Boscombe Crescent, Downend, Bristol BS16
A large suburban church built at the time of the Second Vatican Council, on a traditional longitudinal plan but from the outset with a forward altar. The design and construction are modern, while also referencing traditional Gothic and basilican forms. The church is a local landmark.
During the first half of the twentieth century, Catholics in the Downend area of Bristol attended Mass in Kingswood or Fishponds, but the development of the Rolls Housing Estate after the Second World War increased the pressure for a separate church and school. A large site of nearly four acres in Boscombe Crescent was purchased in 1961 and designs for new buildings put in hand. The church was built to seat 320 and cost £35,000; the architects were Ivor Day & O’Brien of Bristol. The foundation stone was laid on 25 April 1964 and the church was opened by Bishop Rudderham on 29 August (says Harding) or 5 September (Catholic Building Review) 1965. It was built at the end of the Second Vatican Council, and was designed from the outset with a forward altar to allow the priest to say Mass facing the congregation. A presbytery was added soon afterwards and a primary school opened in 1970. The church was consecrated on 27 May 1975.

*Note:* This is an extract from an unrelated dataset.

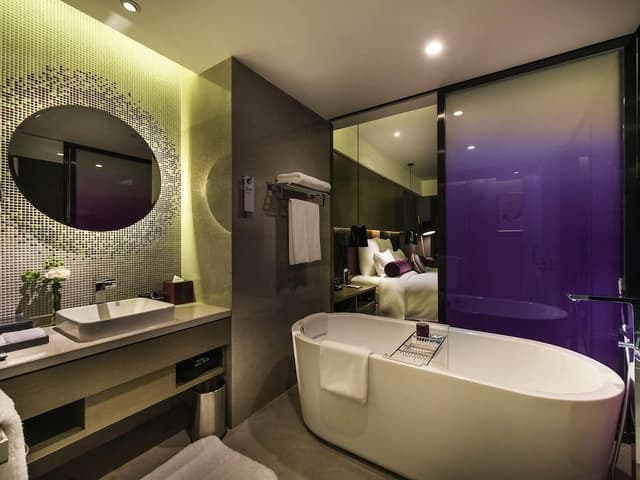 Executive Room, 1 King Bed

The church is a modern design with references to historical Gothic and basilican church architecture. It is of concrete portal frame construction, with external walls clad in brown brick laid in stretcher bond, dressings of artificial stone and roof coverings of artificial slates. The plan of the church consists of a wide aisleless nave with a northwest tower and a short sanctuary. Beyond the sanctuary lie the sacristies, with a small flat-roofed parish hall to one side. The building is not orientated; the liturgical east end faces south. The main (liturgical) west front to the street incorporates a full-width artificial stone loggia with a continuous arcade of nine openings with triangular heads. Above the loggia the gabled front is plain except for a single round window with a stone cross formed in the glazing. The loggia extends beyond the church to the right by three bays and to the left by a canopied entrance porch. Immediately behind the porch rises the short square northwest tower, which is faced with artificial stone and has a copper-clad spire. The nave side walls each have four windows with triangular heads. The sanctuary has a single window to each side.
The interior is a single large space with mainly rendered walls. The concrete beams and timber rafters of the roof are exposed. At the (liturgical) west end is a full-width gallery, set over a vestibule which is expressed externally as the glazed loggia. The blind end wall of the sanctuary is faced in artificial stone laid in irregular courses. On the wall is a carved wooden crucifix, with a suspended canopy in front of this over the forward altar. The fittings are generally simple and probably mostly original. Some of the windows have stained and engraved glass by Solaglass Caldermac (Buildings of England).